Memory painted my grandmother’s pursuit on the darkness as I descended, so vivid that it overwrote my sight and I sought the rungs utterly blind, all the while with corridors flashing through my mind, felled guards, broken doors, Alica Kendeth sprinting ahead of me, fearless and swift.

We wove past the carnage, speed our only goal, and still we came too late, past the wreckage of Gholloth the First’s elite bodyguard stationed at the doors of the old man’s bedchambers. The Lady Blue had felled three men in plate armour. God knows what magics she used and what it cost her. These would have been swift warriors, seasoned, loyal beyond question, deadly with sword and knife. They lay shattered as if each had been turned to glass and struck with a hammer, the sharp edges of their injuries softened by what leaked from them.

In the old man’s bedchamber, its wall hung with paintings of the sea, we found the king, the emperor if not for lies, treachery, and war. He lay at peace among his linens, clutching the red flower of his lifeblood to his chest. If you had lived somewhere where the emperors’ statues haunt every turn you would know at a glance that their blood ran from him. I saw it in the line of his jaw, the angle of his nose, the broadness of his shoulders, even slumped in death.

Alica’s cry held more rage than grief, but both were present. Then she saw it, and I followed her gaze. In the corner of the room a tall mirror stood. Silvered glass within an ebony frame. Such a thing would cost you a hundred in crown gold should you seek it in Vermillion today. But instead of reflecting the room it stood like a narrow window into some other place. A place where a figure ran, marked by the sapphires twinkling across her hair as she crossed a dreamland where crystal shards longer than lances and thicker than men jutted from the bedrock like the spines of a hedgehog.

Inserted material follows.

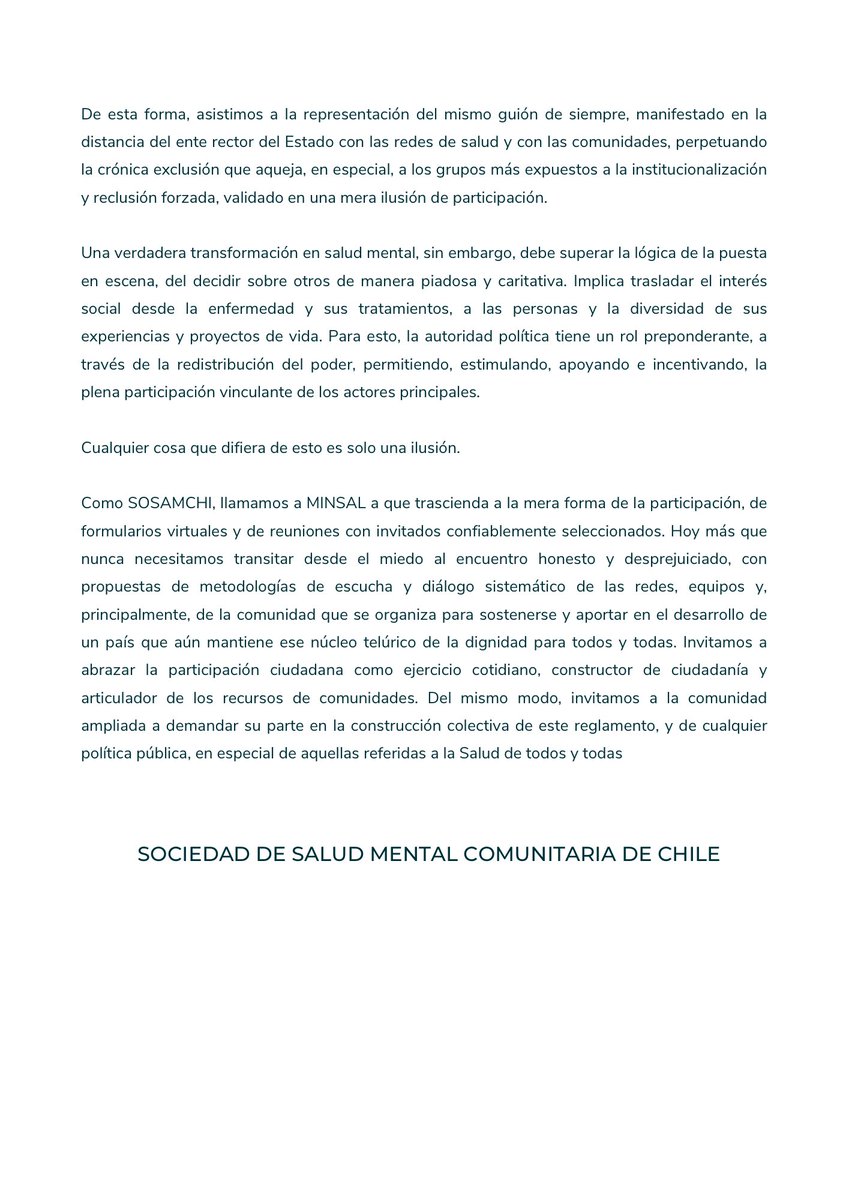 sosamchi's tweet photo. Les dejamos la declaración de @sosamchi sobre el llamado a consulta pública del @ministeriosalud del Reglamento de Hospitalización Psiquiátrica de la Ley 21.331. 

Debemos replantear las ligas de participación en política públicas. https://t.co/lR9R3H35HV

My grandmother reached the mirror, and I swear she would have run headlong into it, but it shattered before her, a thousand glittering pieces of it filling the air, sliding down one across the other against the ebony board behind.

Alica Kendeth fell to her knees then, careless of the glass, and set her head to the ebony planks. She swore an oath. I saw it on her lips, but the words eluded me as I stepped down, foot questing for the next rung, and jolted to a halt against the mine floor.